Location
- 600 S. Dixie Dr. Vandalia, Montgomery, Ohio 45377-2594 United States

Information
- Type: Public secondary
- School district: Vandalia-Butler City School District
- Principal: Matthew "Buck" Williamson
- Teaching staff: 48.00 (FTE)
- Grades: 9–12
- Enrollment: 903 (2023-2024)
- Student to teacher ratio: 18.81
- Colours: Purple and Gold
- Athletics conference: Miami Valley League
- Mascot: Aviator
- Website: butler.vbcsd.com

= Butler High School (Vandalia, Ohio) =

Butler High School is a public high school in Vandalia, Ohio, a suburb of Dayton.
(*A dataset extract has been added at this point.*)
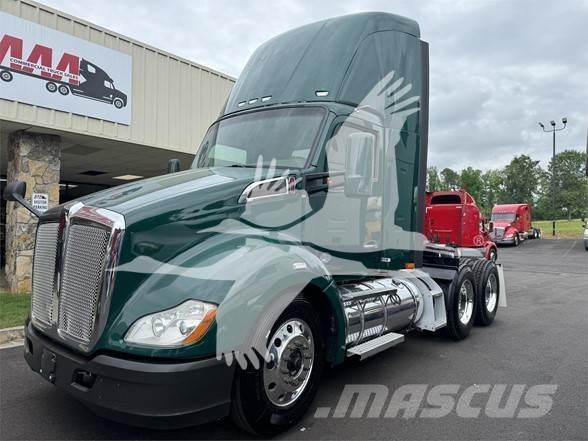 Kenworth T680 트랙터 유닛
The school is the only high school in the Vandalia-Butler City Schools district. The school mascot is the aviator.
Butler has been rated as "Excellent" since 2005 by the Ohio Department of Education. The school met all 12 of the state indicators for the 2005–2006 school year. As of 2019–20, they are a part of the Miami Division of the Miami Valley League (MVL) athletic conference.

==Athletics==
The Butler Aviators are a member of the Miami Valley League.

===OHSAA State Championships===
- Boys Bowling - 2019
- Girls Bowling - 2025

== Notable alumni==
- Josh Betts - Former National Football League Quarterback
- Dan Carter - Former Member of Connecticut House of Representatives and 2016 Candidate for U.S. Senate
- Taylor Decker - Detroit Lions Offensive tackle, and 2016 NFL draft 1st round pick
- Kaden Echeman - professional baseball player
- John Goldsberry - retired professional basketball player
- Schellas Hyndman - Former Head Coach of Major League Soccer's FC Dallas
- Boston Smith - professional baseball player
- James Swearingen - American composer and arranger.